Bug 213306 (event-collector)

Summary: WIP: we should be able to capture mouse, keyboard, and wheel events to investigate tracking
Product: WebKit Reporter: Eli Lucherini <elucherini>
Component: WebKit Misc.Assignee: Nobody <webkit-unassigned>
Status: NEW ---    
Severity: Normal CC: bfulgham, cdumez, cmarcelo, elucherini, ews-watchlist, fred.wang, ggaren, graouts, jamesr, japhet, katherine_cheney, luiz, simon.fraser, thorton, tonikitoo, wenson_hsieh, wilander
Priority: P2    
Version: WebKit Nightly Build   
Hardware: Unspecified   
OS: Unspecified   
Attachments:
Description Flags
Patch
none
Patch
none
Patch
none
Patch none

Description Eli Lucherini 2020-06-17 10:46:35 PDT
Goal: capturing mouse, keyboard, and wheel events on webpages to investigate tracking capabilities of bad actors.
Comment 1 Eli Lucherini 2020-06-17 11:35:10 PDT
Created attachment 402138 [details]
Patch
Comment 2 John Wilander 2020-06-17 13:16:06 PDT
Comment on attachment 402138 [details]
Patch

View in context: https://bugs.webkit.org/attachment.cgi?id=402138&action=review

Nice to see some code! We should consider gating this behind a runtime flag and to put the code behind the RESOURCE_LOAD_STATISTICS compile-time flag.

The build error on non-Cocoa platforms seems to be that they don't recognize the header file. I wonder if it needs to go to some CMake text file for those platforms?

> Source/WebCore/ChangeLog:3
> +        Add support to capture mouse, keyboard, and wheel events.

I think this title is a bit too generic. I would say "Capture mouse, keyboard, and wheel events for statistical purposes". I don't think we use periods in change log titles.

> Source/WebCore/ChangeLog:15
> +        * page/EventCollector.h: Added.

Make sure to move the new files to their correct alphabetical position in the Project Navigator.

> Source/WebKit/ChangeLog:11
> +        (WebKit::m_schemeRegistry): Deleted.

This looks worrying. However, looking at the code, I don't think it was deleted. Please make sure and then remove this line in the change log.

> Source/WebCore/page/EventCollector.cpp:2
> + * Copyright (C) 2018 Apple Inc. All rights reserved.

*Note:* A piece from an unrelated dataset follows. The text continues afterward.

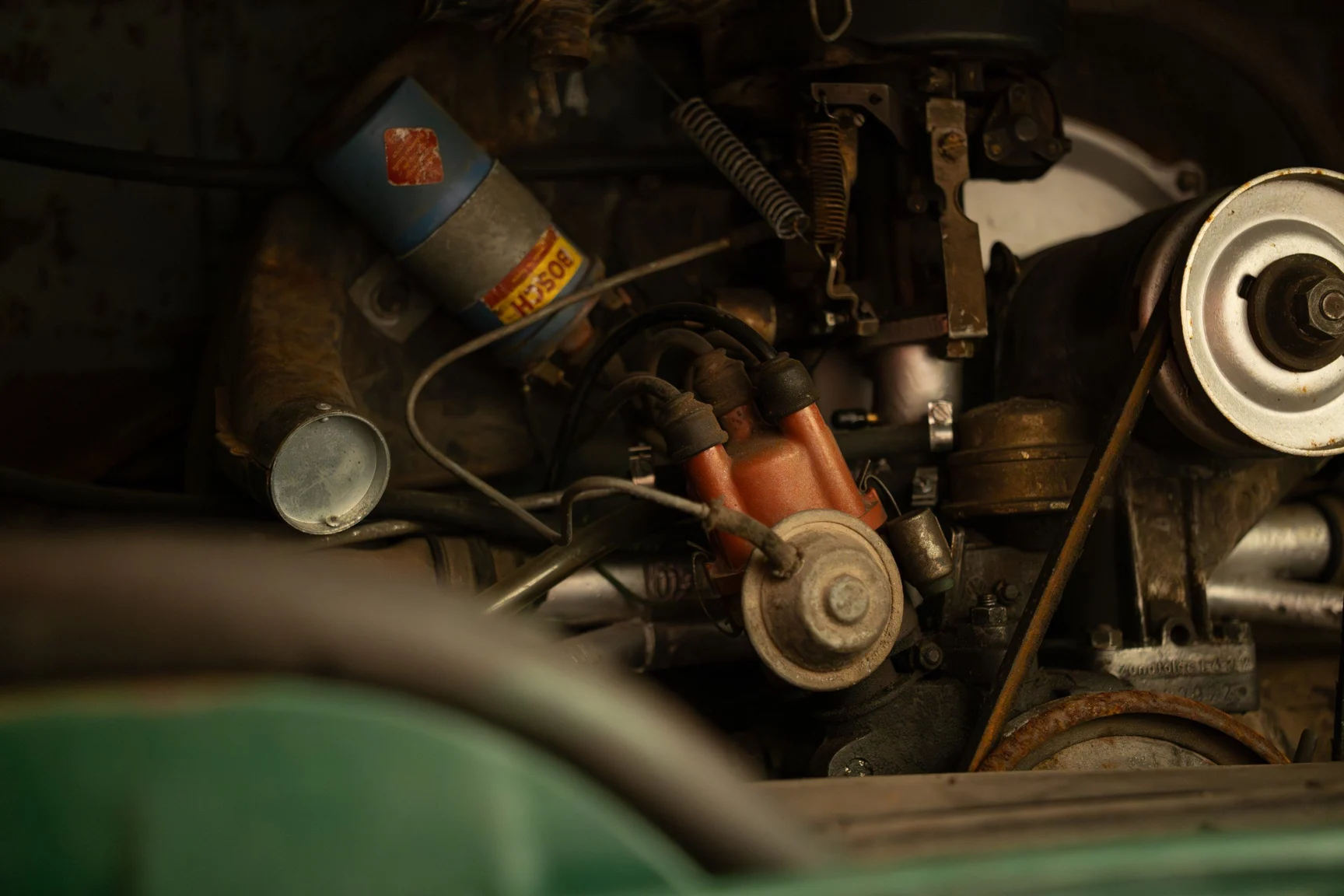 Image of 1974 Volkswagen Typ 2 Bay Window (2) mechanics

There is a template for creating new WebKit files which should get the year right. New file –> scroll down.

> Source/WebCore/page/EventCollector.cpp:45
> +    WTFLogAlways("Keyboard event with key %s, key identifier %s, code %s, text '%s'", platformKeyboardEvent.key().ascii().data(), platformKeyboardEvent.keyIdentifier().ascii().data(), platformKeyboardEvent.code().ascii().data(), platformKeyboardEvent.text().ascii().data());

I use .utf8(), not .ascii() for log out put of strings. That's safer than ASCII.

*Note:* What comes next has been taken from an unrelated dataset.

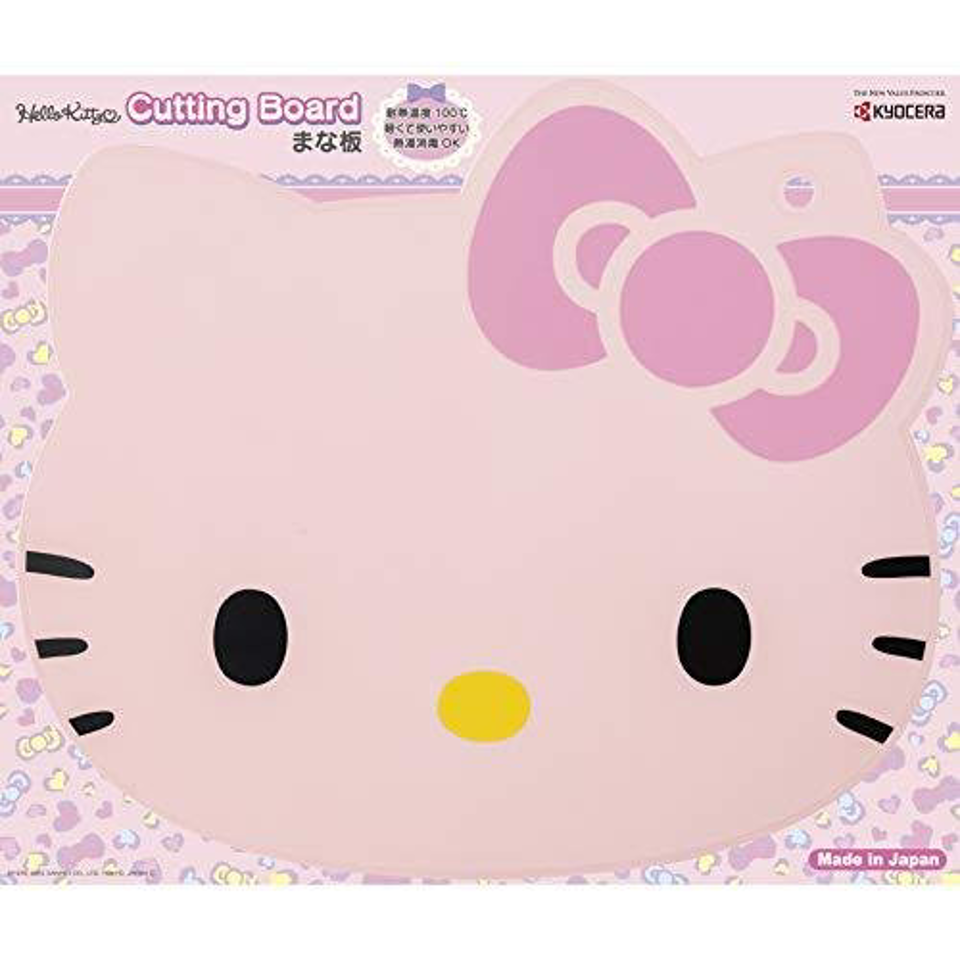Sanrio 切菜板 hello kitty 粉色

> Source/WebCore/page/EventCollector.cpp:66
> +    // TODO: Store in database

I know this is a comment that'll be removed soon but we always use periods in comments.

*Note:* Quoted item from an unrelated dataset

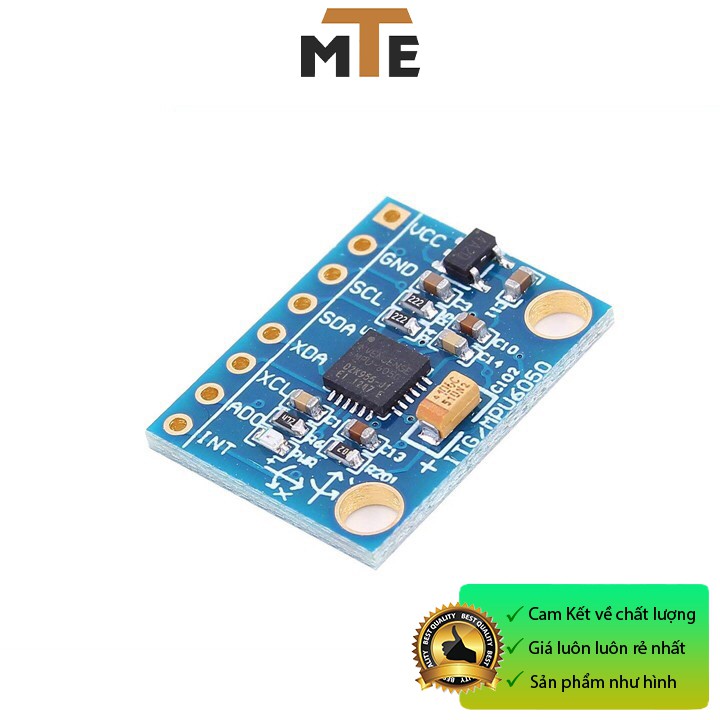 Cảm biến gia tốc 6 trục GY-521 MPU6050 - Module Arduino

> Source/WebCore/page/EventCollector.h:2
> + * Copyright (C) 2015 Apple Inc. All rights reserved.

Same thing here. Use the template instead.

> Source/WebCore/page/EventCollector.h:51
> +class EventCollector

I think this name is too generic. Maybe EventStatisticsCollector?

> Source/WebCore/page/EventCollector.h:53
> +    // keeping this in WebCore for the moment; could also go to WebKit?

If you intend to land this comment: It needs to start with upper case and WebCore doesn't know about "WebKit" so we should probably not mention it in a comment.

> Source/WebCore/page/EventCollector.h:55
> +    EventCollector() { }

Was something in Xcode or the build telling you to add an empty constructor?

> Source/WebCore/page/EventCollector.h:63
> +    // something like this but with hashable key

If WallTime is not hashable you can try getting its raw seconds.

> Source/WebKit/NetworkProcess/NetworkConnectionToWebProcess.cpp:114
> +    , m_eventCollector(EventCollector::create())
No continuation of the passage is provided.